ScaleJoin: a deterministic, disjoint-parallel and skew-resilient stream join enabled by concurrent data structures
Motivated by the inherently high computational complexity of stream joins, a considerable research effort has been devoted to their parallelization. Significant increase in processing throughput has been achieved by methods that utilize parallelization features enabled by the hardware. At the same time, challenging aspects such as deterministic processing, are only partially addressed.
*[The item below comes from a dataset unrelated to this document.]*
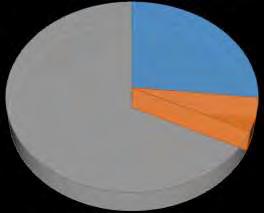 11,3% 0,8% 87,9% Ναι Καποιες φορές Όχι Σχήμα 14: Διάγραμμα πίτας της ύπαρξης ενημέρωσης του ασθενή από το προσωπικό.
In this work we tackle the parallelization challenges of stream joins from a different design perspective: we study the points where data is exchanged and shared and by analyzing this, we identify the need for a balance between the amount of independent action that can be taken by processing entities (be it processor units or processing threads) and the synchronization needed to guarantee deterministic processing. We propose concurrent shared data objects that can satisfy these needs. At the same time, we provide algorithmic implementations of the objects that lead to a deterministic highly parallel stream join. In particular, we present ScaleJoin, a parallel stream join built upon ScaleGate, which is a new concurrent abstract data type acting at the articulation points maintaining the tuples being consumed and produced in a deterministic fashion regardless of the number of processing threads or the number of physical streams delivering them. ScaleJoin allows for the parallel execution of an arbitrary number of sequential stream joins while distributing the overall work among them without assuming any centralized coordinator. As we show in our evaluation, ScaleJoin does not only enforce deterministic processing while providing disjoint and skew-resilient parallelism, but also achieves higher processing throughput and lower processing latency than state of the art parallel stream joins such as CellJoin and Handshake.